Perhaps that is why the Desert View Watchtower has a special place in my heart, because it is where I first beheld this long anticipated wonder.
How to Get There:
Once you get to the East or South rim of the Grand Canyon reaching Desert View is not difficult. We entered from the East side and Desert View Watchtower is the first large turn off, the ranger at the gate told us that we would be the best place to stop first. It is clearly marked where you should turn off and when you do there is a large parking lot. Besides the Watchtower the parking lot is one big advantage of stopping here for your first look if you come from the East side, there will be many turn offs as you drive to the South rim, but most of them have very small parking lots and your may not find a place to park, especially if you are driving an RV or hauling a trailer.
What You Will See:
From the parking lot you will head in towards the Canyon rim. you will be able to see the Watchtower on your left. You will almost immediately encounter a set of faucets that dispense the Grand Canyon spring water, piped over from the North Rim, so if you’ve been traveling for a while (which of course you probably have) you can refill your water bottles here.

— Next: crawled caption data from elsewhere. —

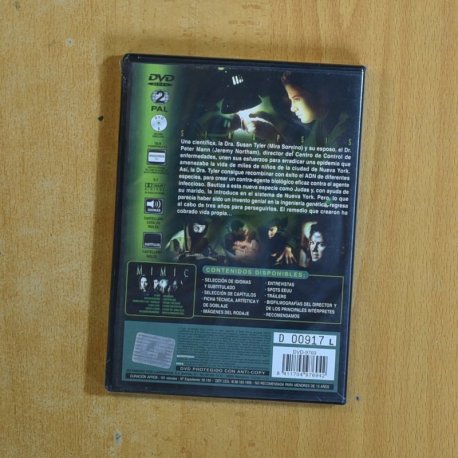 MIMIC - DVD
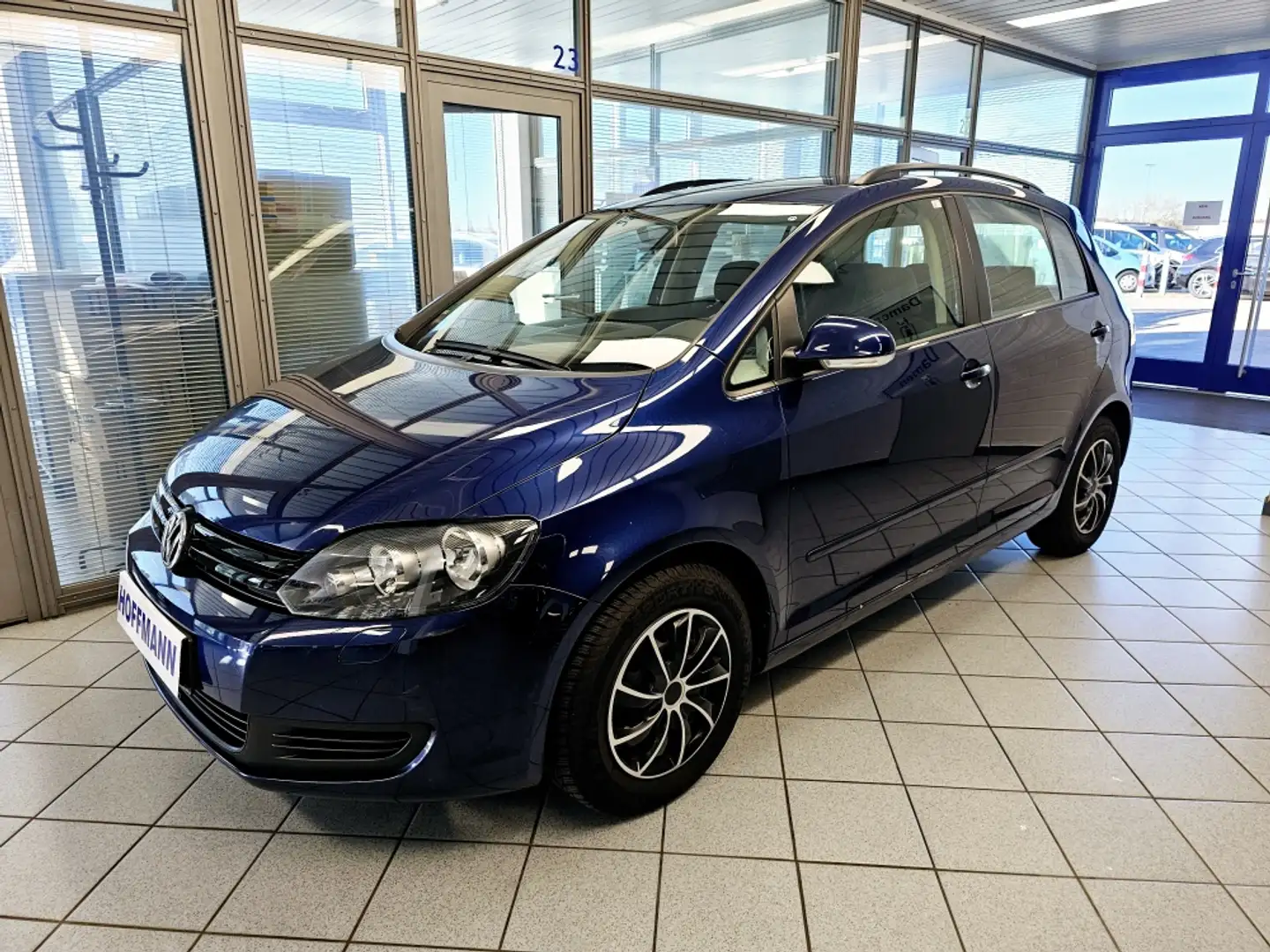 Volkswagen Golf Plus Tüv 03-2026 Blau - 2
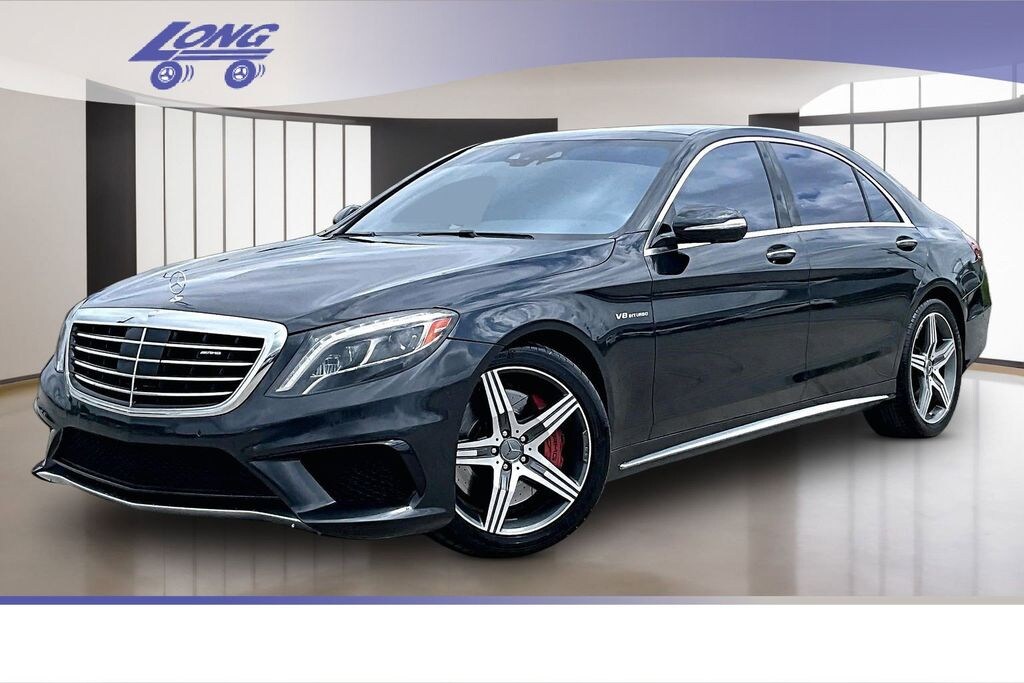 Used 2017 Mercedes-Benz S-Class S 63 AMG® Sedan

There will be a building on your right that houses the Desert View visitors center and bookstore, but, of course the main attraction is getting to the canyon rim. I was so excited to get down to the rim that we didn’t even go into the visitor center.
Paved paths lead all the way down to the Watchtower. At the towers base the rim juts out and there is a completely accessible lookout area. This is where I first saw the Grand Canyon and started snapping photos.
From the lookout area, which is similar to other outcroppings around the Grand Canyon, you enter the watchtower which is a unique experience allowing you to view the canyon vistas from 70 feet above the rim. You enter at the ground level (the stairs and ladders on the outside are just for show). There is a small gift shop on the first floor and from there you climb up narrow stairs to the first tower level. This area opens up and there are murals on the walls and ceiling with windows around the edge. From here you can enter onto another main lookout area that is over the gift shop. You can also continue up to the higher levels of the tower.
Looking through plexiglass windows isn’t my favorite way to see the Grand Canyon, but it is cool to see it from up high.
I would say that Desert View Watchtower is close to a must stop for visiting the South rim of the Grand Canyon. If you come in the East entrance then it makes perfect sense to stop here first, and if you come in on the South it is not very far away (about 30 minutes) and gives you a completely different view of the Canyon.